**Exercise requirements:**
What the answer must hold is the line containing "unfurnished room with" and all lines after it through the end of the listing, copied exactly, with pictures left out.

**Entries shown:**
□ □ □ □ □ □ □
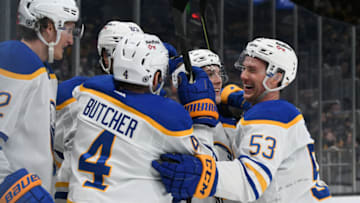 Jan 1, 2022; Boston, Massachusetts, USA; Buffalo Sabres left wing Jeff Skinner (53) celebrates with center Peyton Krebs (19) and defenseman Will Butcher (4) a goal scored by right wing Alex Tuch (89) against the Boston Bruins during the second period at TD Garden. Mandatory Credit: Brian Fluharty-USA TODAY Sports
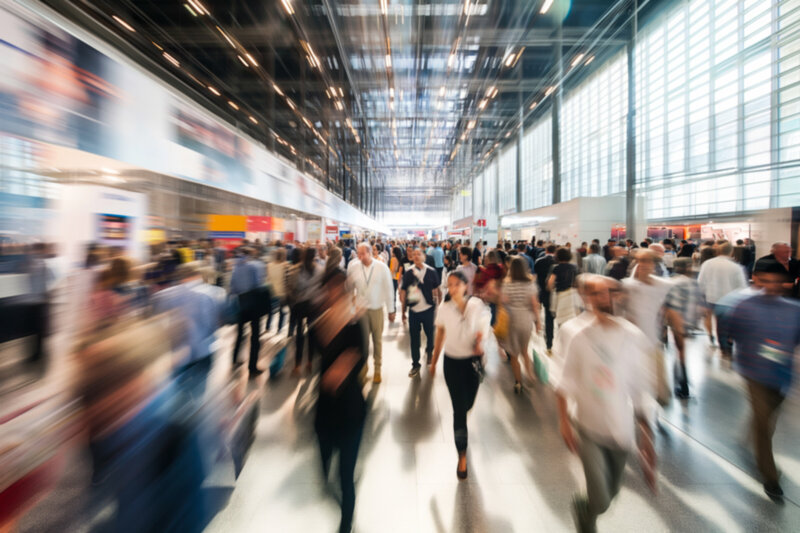 Large building with blurred out attendees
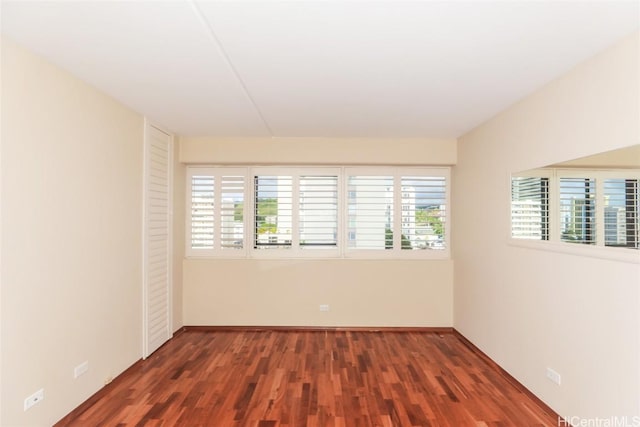 unfurnished room with dark wood-type flooring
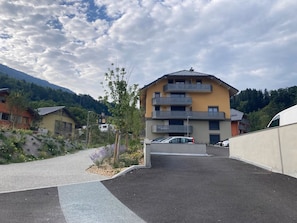 A multi-story building with balconies, a parking area, and a mountainous backdrop. - Les Pics Alpins (Saint Gervais)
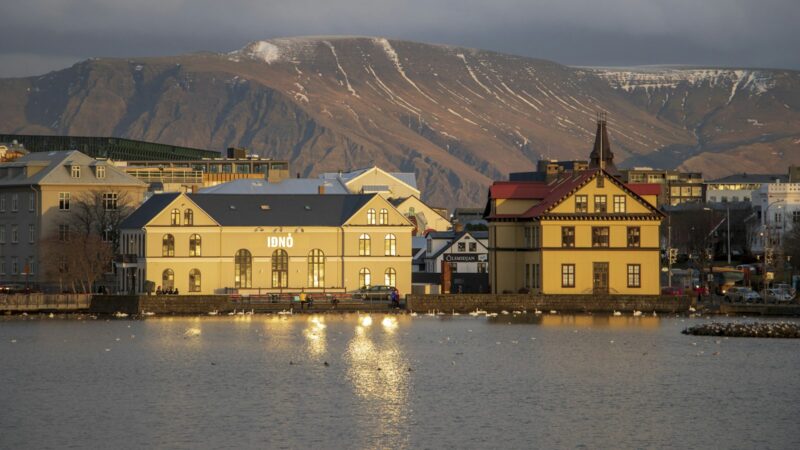 Old houses by a pond reflecting low sunlight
□ □ □ □ □ □ □
**Response to the task:**
 unfurnished room with dark wood-type flooring
 A multi-story building with balconies, a parking area, and a mountainous backdrop. - Les Pics Alpins (Saint Gervais)
 Old houses by a pond reflecting low sunlight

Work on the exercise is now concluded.